Cook Pasta & Toast Panko
2
  • Once water is boiling, add spaghetti to pot. Cook, stirring occasionally, until al dente, 9-11 minutes.

  • Reserve 1½ cups pasta cooking water (2 cups for 4 servings), then drain. (Keep empty pot handy for step 4.)

  • Meanwhile, melt 1 TBSP plain butter (2 TBSP for 4) in a large pan over medium-high heat. Add panko and cook, stirring, until golden and toasted, 2-3 minutes. Stir in scallion whites and season with salt and pepper. Turn off heat; transfer to a small bowl. Wipe out pan.

Cook Brussels Sprouts
3
  • Heat a large drizzle of olive oil in same pan over medium-high heat. Add Brussels sprouts and season with salt and pepper. Cook, stirring occasionally, until bright green and slightly softened, 4-6 minutes.

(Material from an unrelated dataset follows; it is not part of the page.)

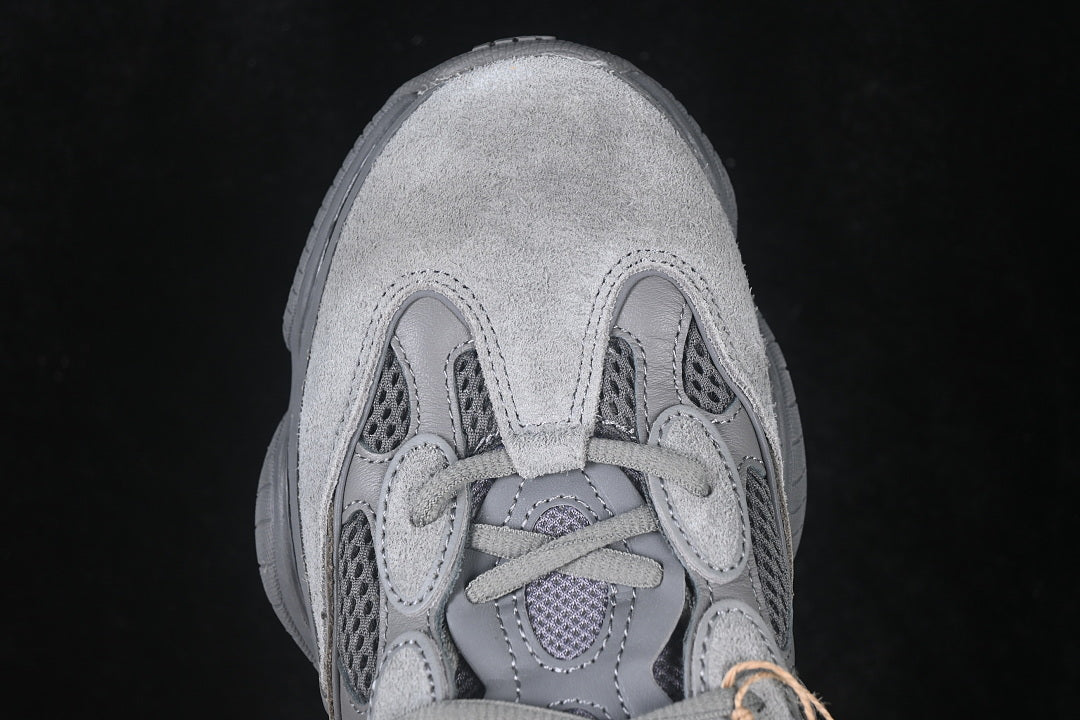 Yeezy Boost 500 “Granite”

  • Stir in a pinch of chili flakes if desired; cook for 30 seconds more. Turn off heat.

Start Sauce
4
  • Once spaghetti is drained, heat empty pot over medium heat. Add cream sauce base and ¼ cup reserved pasta cooking water (½ cup for 4 servings).

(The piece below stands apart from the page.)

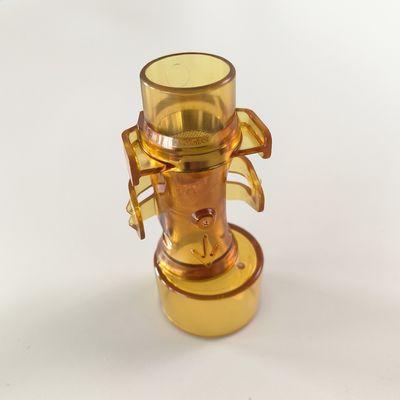 GE Original Ohmeda ademhalingsstroom sensor onderdeel nr. 1505-3231-000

  • Bring to a simmer, then remove pan from heat. Whisk in cream cheese until melted and combined; taste and season with salt and pepper.

Finish Sauce & Pasta
5
  • Add drained spaghetti, Brussels sprouts, stock concentrate, garlic herb butter, Parmesan, scallion greens, half the Italian Seasoning (all for 4 servings), half the lemon zest, and a big squeeze of lemon juice to pot with sauce.

  • Cook, tossing, until butter has melted and pasta is coated in a creamy sauce, about 1 minute. TIP: If needed, stir in more reserved pasta cooking water a splash at a time.

  • Taste and season with salt and pepper. Add more lemon juice if desired.

Serve
6
  • Divide pasta between bowls. Top with panko and remaining lemon zest to taste. Sprinkle with remaining chili flakes if desired. Serve with any remaining lemon wedges on the side.